- _Data excerpt_:
======

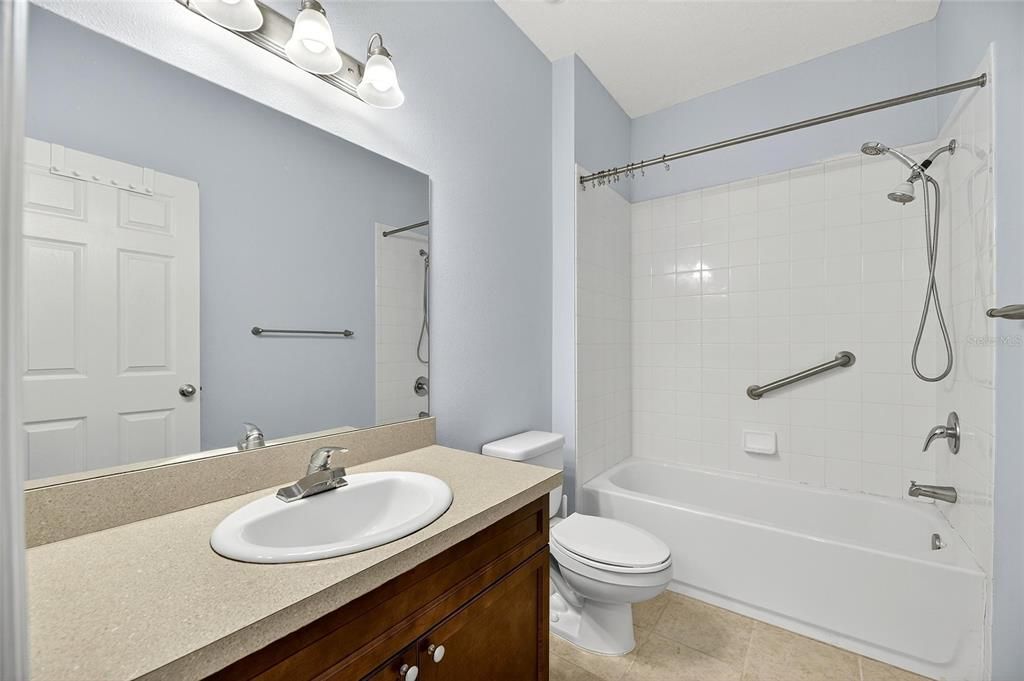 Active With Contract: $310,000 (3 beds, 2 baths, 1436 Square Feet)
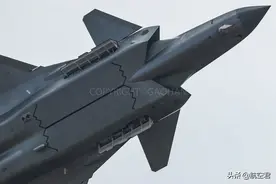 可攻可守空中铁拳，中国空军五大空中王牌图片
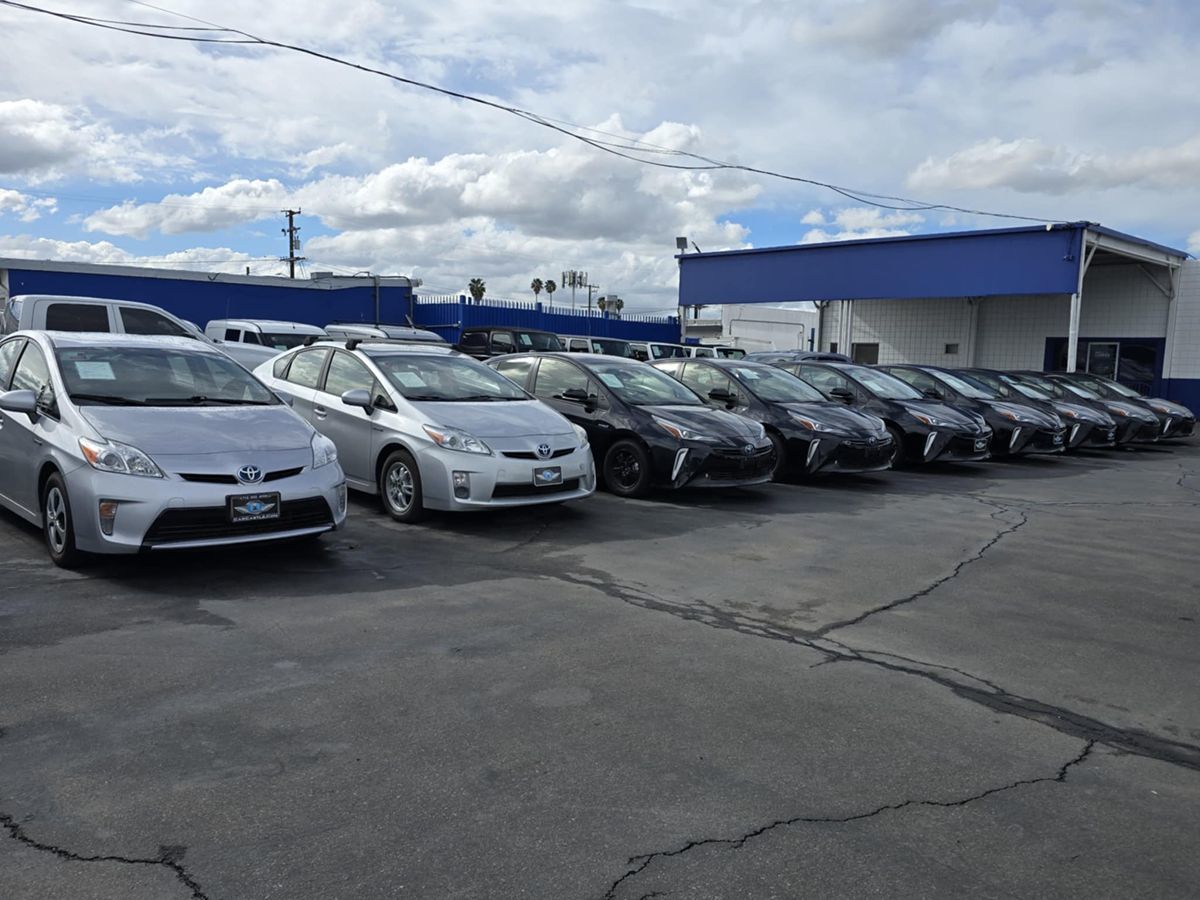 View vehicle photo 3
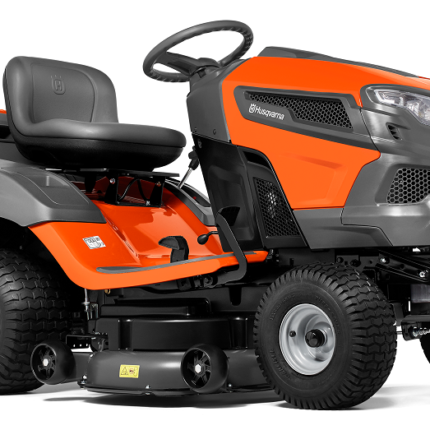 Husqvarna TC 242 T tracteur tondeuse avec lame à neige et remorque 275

======

- _Assignment_: Find the line with "可攻可守空中铁拳，中国空军五大空中王牌图片". Return it and each line after it through the end of the data, exactly, without pictures.

- _Solution_:
 可攻可守空中铁拳，中国空军五大空中王牌图片
 View vehicle photo 3
 Husqvarna TC 242 T tracteur tondeuse avec lame à neige et remorque 275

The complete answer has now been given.